> [Work instructions] Would you print out all of the data exactly and keep the pictures out of it?

> [Supplied material]
───
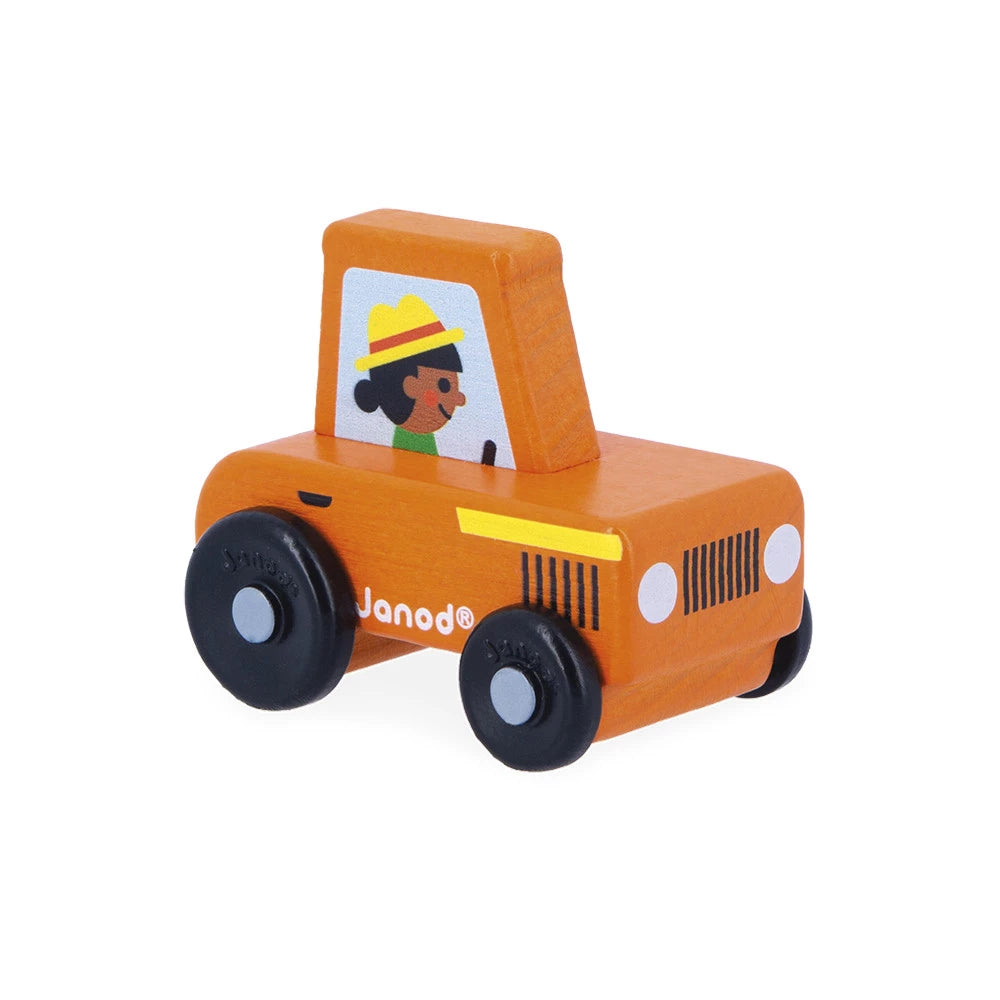 Janod Little Wooden Tractor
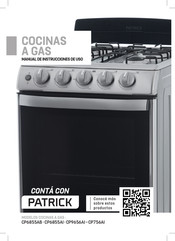 Patrick CP6855AB Manual De Instrucciones De Uso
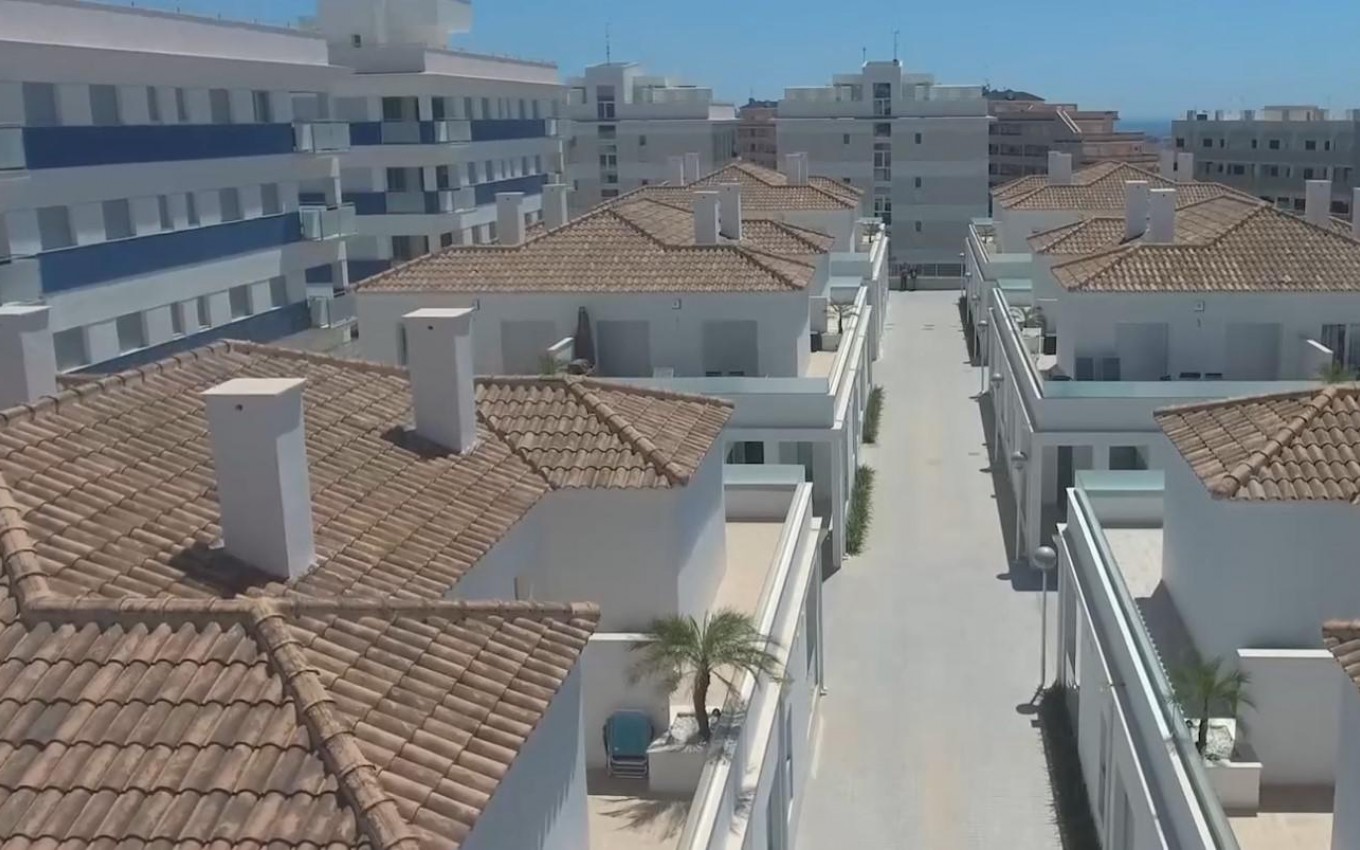 Nieuwbouw - Terraced house - Orihuela Costa - Villamartin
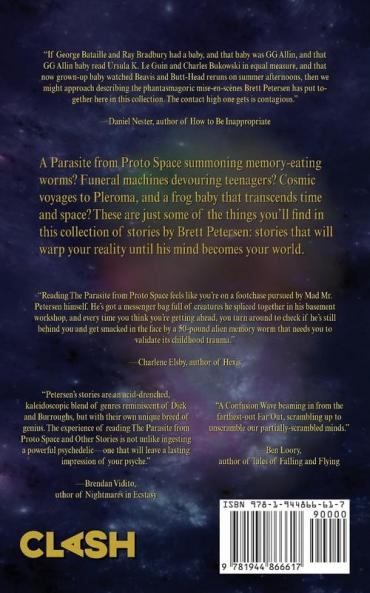 The Parasite From Proto Space & Other Stories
───
> [Response to the exercise]
 Janod Little Wooden Tractor
 Patrick CP6855AB Manual De Instrucciones De Uso
 Nieuwbouw - Terraced house - Orihuela Costa - Villamartin
 The Parasite From Proto Space & Other Stories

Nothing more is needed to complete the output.